By: Srinidhi Ananth

Miley Cyrus is known for her controversial transformation from the nation’s beloved Hannah Montana to, well, Miley.  The current Miley Cyrus has been highly scrutinized for her fashion sense, earning some praise and a lot of criticism.  So in her newest protest against the status quo, Cyrus decided to step off the red forever.

On September 16, 2016 during an interview with Elle, she announced that she would never be seen on a red carpet again.  While many fans question the validity of her decision, Cyrus defended herself in an October issue of Elle, saying: “Why, when people are starving, am I on a carpet that’s red?  Because I’m ‘important’?  Because I’m ‘famous’?  That’s not how I roll.”

Cyrus did not just stop there.  She explains that red carpets are sexist, to say the very least.  Dogmatic paparazzi compel female celebrities tomileyredcarpet “pose for the camera,” while on the other hand, the male celebrities are interviewed about their current projects and professional lives.  According to Vogue, Cyrus felt that, “[as] women, we get yelled at to blow them a kiss, and I don’t feel like blowing you a kiss.  Like what is going on?  Who are you?”

Cyrus closed discussion on this topic by saying that she never wants people to talk about what she is wearing.  While some fans argue that it is hard not to, especially with the intricate and unique aspects of her wardrobe, she has decided she does not want to live a life of being constantly be judged for what she wears.

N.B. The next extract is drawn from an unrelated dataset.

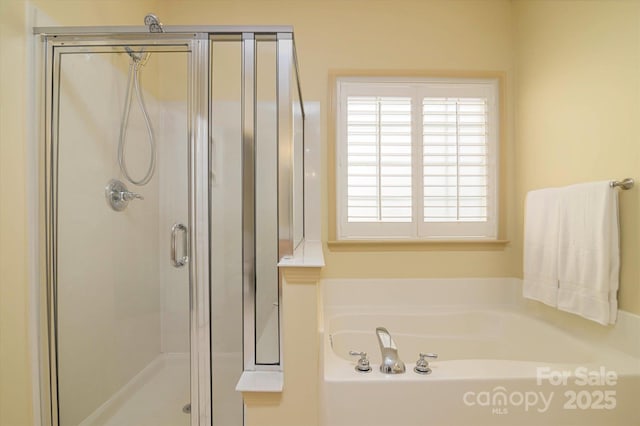 bathroom with separate shower and tub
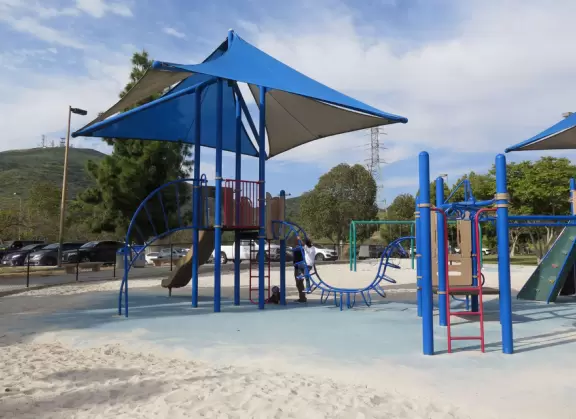 Large field with sweeping views, playgrounds, workout stations, picnic pavilions, and walking path around the field.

Miley isn’t the first one to criticize the red carpet either.  Celebrities like Julianne Moore and Jennifer Aniston have boycotted the Mani Cam, a diorama on the red carpet where celebrities stick their hands in, and “walk their fingers” down the red carpet to show off their glamorous manicures and jewelry.  Because Moore and Anniston claim that Hollywood supports gender inequality with the use of the Mani Cam, the Mani Cam has been shut down for multiple red carpets.

The red carpet, which once was an innocent and elegant entrance to premieres and award shows, has transformed into what Stacy Jones, the president of marketing agency Hollywood Branded, calls a “publicity-generating business where celebrities are expected—and often paid—to pose in front of logos and be probed by the media” (Chicago Tribune).

All in all, fans may disagree with Cyrus’s personal choice to eschew the red carpet, but she undoubtedly has gained more respect from her fans for making a decision defying Hollywood’s stereotypical celebrity image.